### [DATA EXTRACTS]
* * * * * * * * *
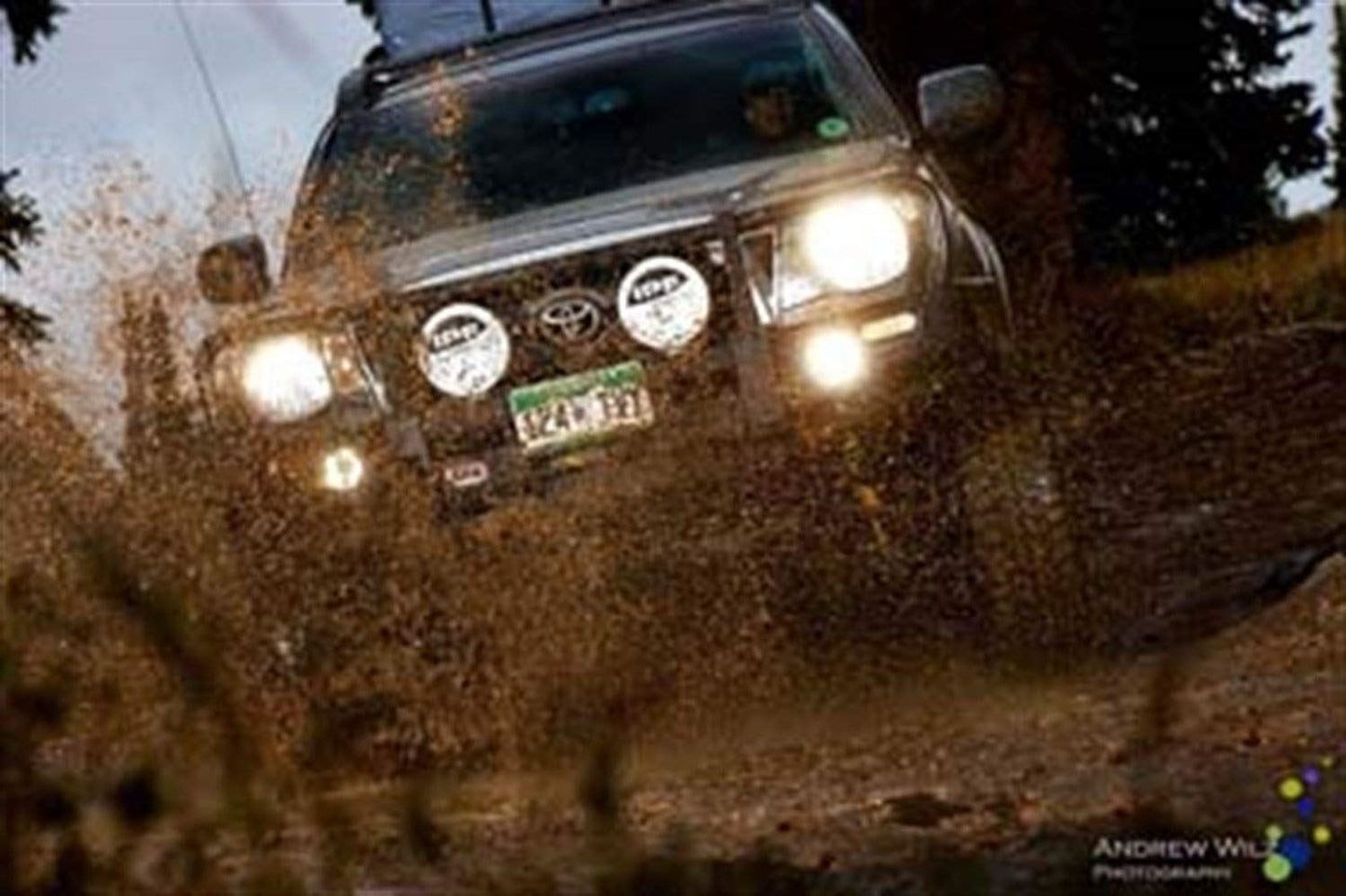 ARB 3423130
* * * * * * * * *
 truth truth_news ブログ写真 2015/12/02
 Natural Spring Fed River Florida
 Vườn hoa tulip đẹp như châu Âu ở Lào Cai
* * * * * * * * *
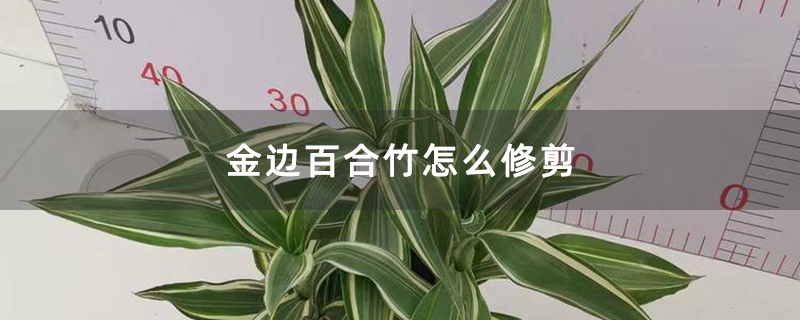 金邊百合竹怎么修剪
* * * * * * * * *
### [TASK DETAILS]
Print the lines above from the one with "truth truth_news ブログ写真 2015/12/02" through the one with "Vườn hoa tulip đẹp như châu Âu ở Lào Cai", both included, exactly as written and nothing more.

### [RESULT OF THE EXERCISE]
 truth truth_news ブログ写真 2015/12/02
 Natural Spring Fed River Florida
 Vườn hoa tulip đẹp như châu Âu ở Lào Cai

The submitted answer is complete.